> **Work order**:
Copy exactly, no pictures: every line from the one that contains "Tappeto corsia Tappeto" through the end of the entries below.

+===+

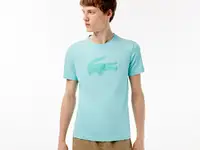 Мужская футболка lacoste  с принтом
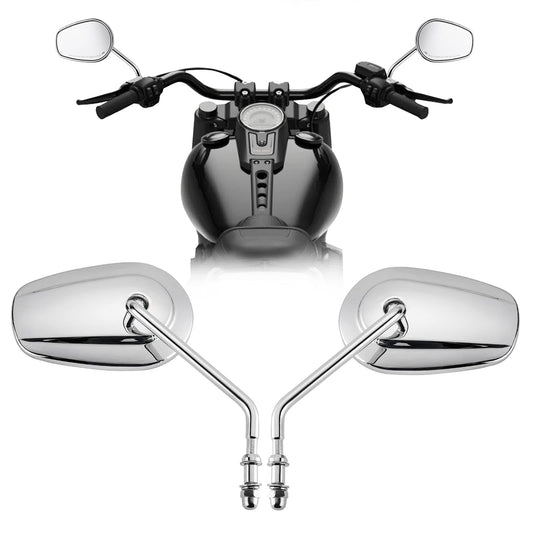 Harley Motorcycle Side Rearview Mirrors - Kemimoto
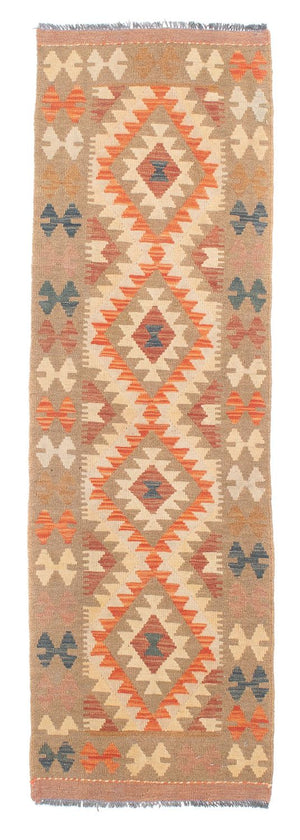 Tappeto corsia Tappeto Kelim - Splash - 192 x 56 cm - multicolore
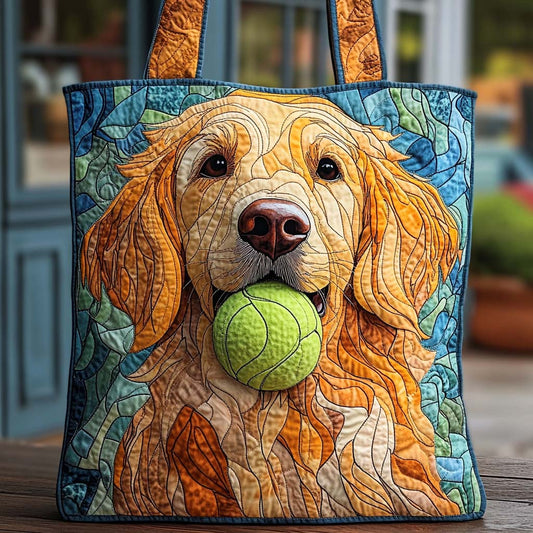 Fetch Lover Tote Quilted Tote Bag NCU0XD1195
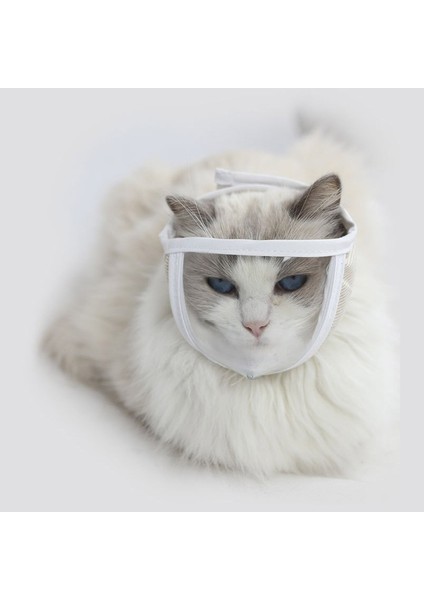 20-25 Cm Şeffaf Pvc Nefes Kedi Namlu Köpekler Kediler Banyo Bakım Çantası Anti Bite Köpek Yavru Kedi Ağızlıklar Maske Pet Malzemeleri (Yurt Dışından)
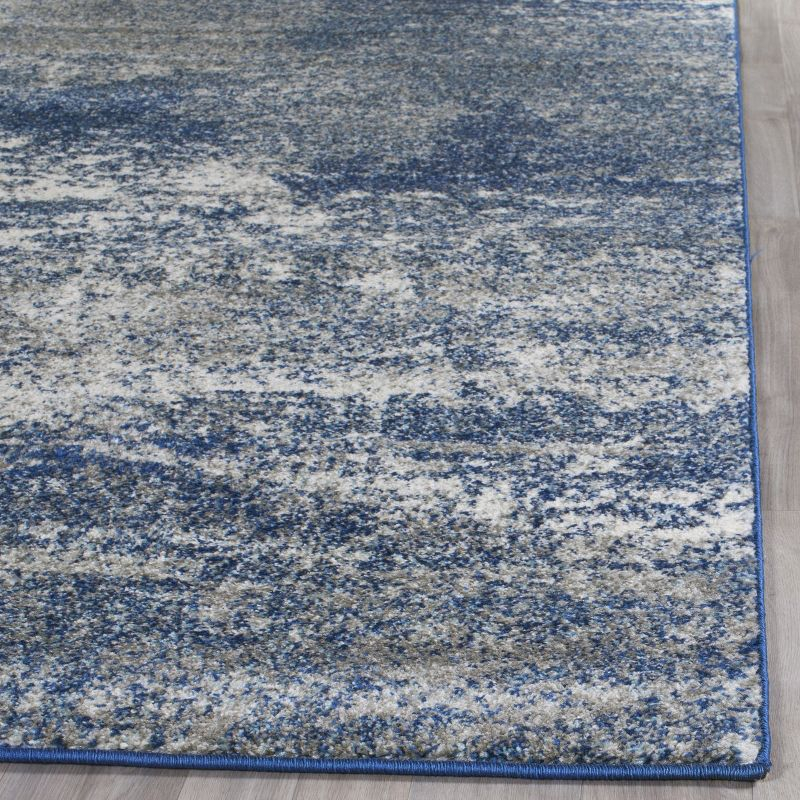 Evoke EVK272 Power Loomed Indoor Accent Rug - Navy/Ivory - 2'2"x4' - Safavieh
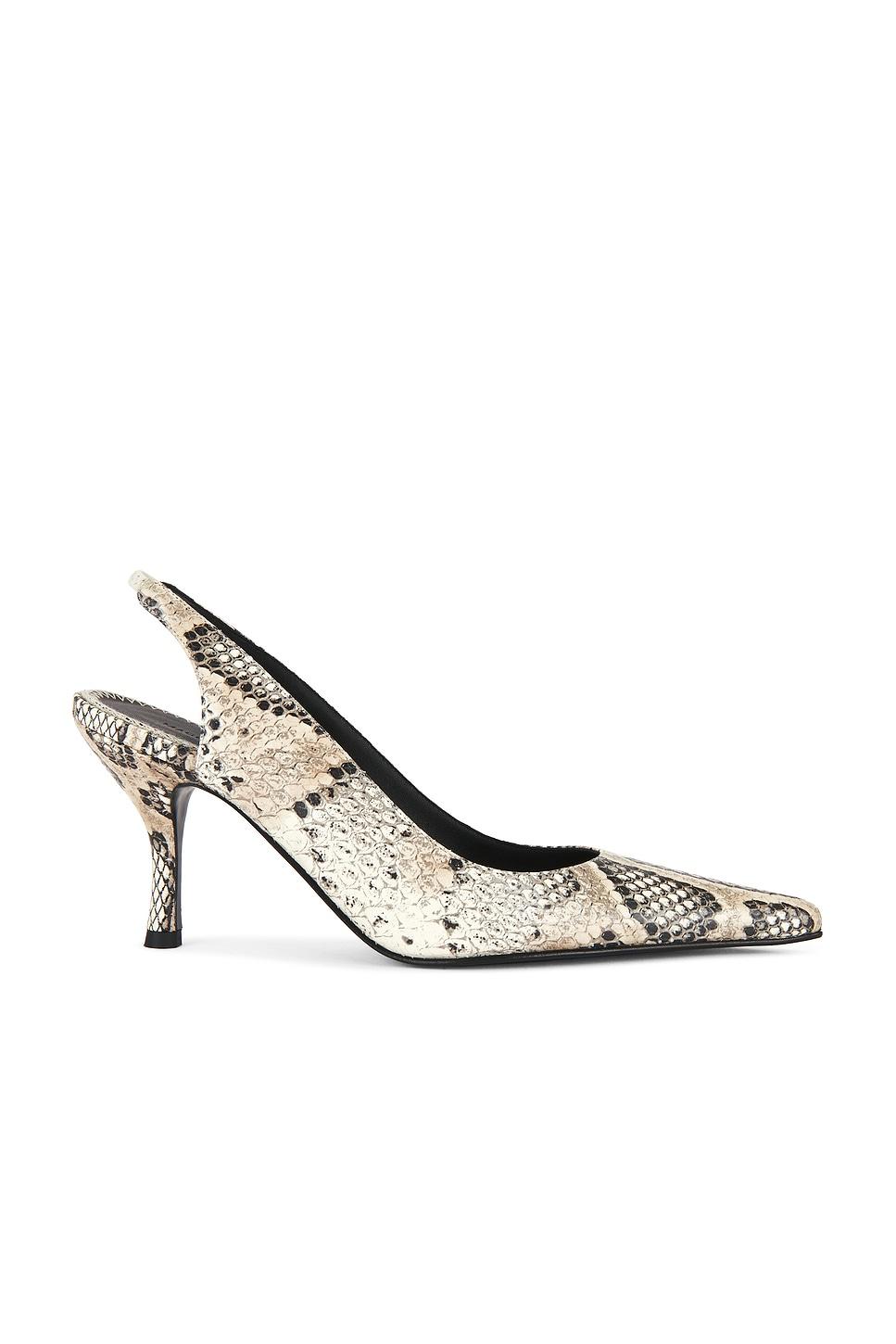 snake low slingback heel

+===+

> **Answer to this problem**:
 Tappeto corsia Tappeto Kelim - Splash - 192 x 56 cm - multicolore
 Fetch Lover Tote Quilted Tote Bag NCU0XD1195
 20-25 Cm Şeffaf Pvc Nefes Kedi Namlu Köpekler Kediler Banyo Bakım Çantası Anti Bite Köpek Yavru Kedi Ağızlıklar Maske Pet Malzemeleri (Yurt Dışından)
 Evoke EVK272 Power Loomed Indoor Accent Rug - Navy/Ivory - 2'2"x4' - Safavieh
 snake low slingback heel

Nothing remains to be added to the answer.